# 03 Autograd

In this part, learn about the Autograd and how to compute gradients.

# What is Autograd?

#Autogradとは

Autograd is a PyTorch package that automatically calculates gradients, which are crucial for optimizing models.

Grad is gradation, which is a vector of partial differentials with respect to each parameter.


Autogradは、モデルの最適化に欠かせない勾配を自動計算するPyTorchのパッケージです。

gradは勾配のことで，各パラメータについての偏微分をベクトルとしてまとめたものです．


# Autograd package

Autograd provides automatic differentiation for all operations on Tensors.

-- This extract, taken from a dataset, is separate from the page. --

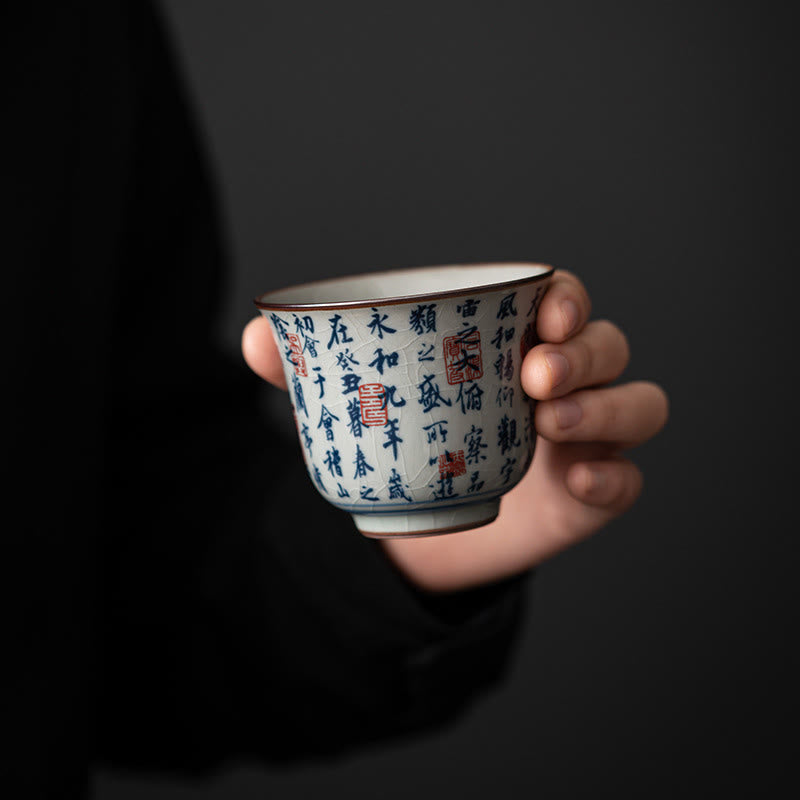 Nimara Ritual Mountain Landscape Lotus Orchid Pavilion Gathering Ceramic Teacup Kung Fu Tea Cup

If we want the gradient, we have to set `requires_grad=True.` 

- This attribute set, all operations on the tensor are tracked in the computational graph.

Operations with tensors create a computational graph and have a "grad_fn" attribute.
- In this program, "y" has a computational graph and "grad_fn" attribute.

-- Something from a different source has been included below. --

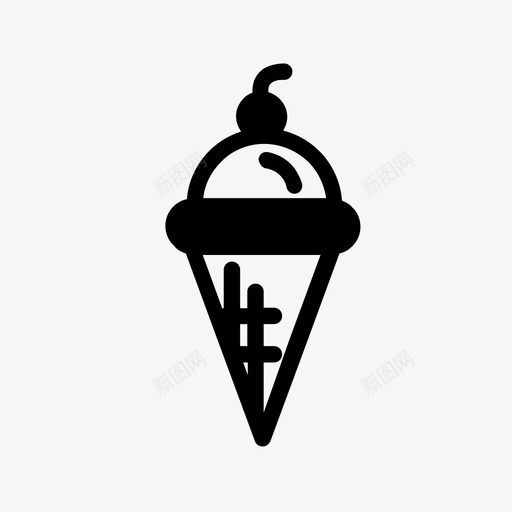 冰淇淋筒樱桃奶制品图标svg_新图网 https://ixintu.com 冰淇淋筒 奶制品 樱桃 牛奶 食物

[torch.randn](https://pytorch.org/docs/stable/generated/torch.randn.html): Returns a tensor filled with random numbers from a normal distribution with mean 0 and variance 1 


AutogradはTensorに対するすべての操作に対して自動で微分を計算します．

勾配を求めたい場合は，`requires_grad=True.`を設定する必要があります．

- この属性が設定されると，Tensorに対するすべての操作が計算グラフの中で追跡されるようになります．

Tensorを使った操作は計算グラフを作り、"grad_fn" 属性を持ちます．
- このプログラムでは、"y "は計算グラフと "grad_fn "属性を持っています．


[torch.randn](https://pytorch.org/docs/stable/generated/torch.randn.html)： 平均0、分散1の正規分布からの乱数で満たされたTensorを返します．





In [None]:
import torch
x = torch.randn(3, requires_grad=True)
y = x + 2


print(x)
print(y)
print(y.grad_fn)


z = y * y * 3
print(z)
z = z.mean()
print(z)

tensor([-0.3206,  0.7642, -0.7820], requires_grad=True)
tensor([1.6794, 2.7642, 1.2180], grad_fn=<AddBackward0>)
<AddBackward0 object at 0x7fcc013177c0>
tensor([ 8.4616, 22.9223,  4.4503], grad_fn=<MulBackward0>)
tensor(11.9447, grad_fn=<MeanBackward0>)


# Computational graph

Operations with tensors create a computational graph.

First, do a forward pass, calculate the output Y.
- If `requires_grad = True`: automatically create and store a function.  and this function is then used in the back propagation.

- In this program, `y` has an attribute grad.

This function(grad_fn) is used in the back propagation and to get the gradients 

- `y` has an attribute grad_fm so this will point to a gradient function


It's called at `add backward` and with this function we can calculate the gradients.


Tensorを使った演算は，計算グラフを作成します．

まず，forward passで.，出力Yを計算します．
- requires_grad = True` の場合：自動的に関数を作成し，保存します．

- このプログラムの`y`はgrad属性を持っています．

この関数(grad_fn)はback propagationで使用され，gradientsを得るために使用されます．

- y`はgrad_fm属性を持っており，これは勾配関数を指します．

grad_fmが，`add backward`で呼び出され, この関数を使用し，gradientを計算できます．


![as](https://drive.google.com/uc?id=1H-cON2ukow9bAvcSa_E7sQVTRclX9H8y)


# compute the gradients with backpropagation

When we finish our computation we can simply call .backward() and have all the gradients computed automatically. The gradient for this tensor will be accumulated into .grad attribute. It is the partial derivate of the function w.r.t. the tensor.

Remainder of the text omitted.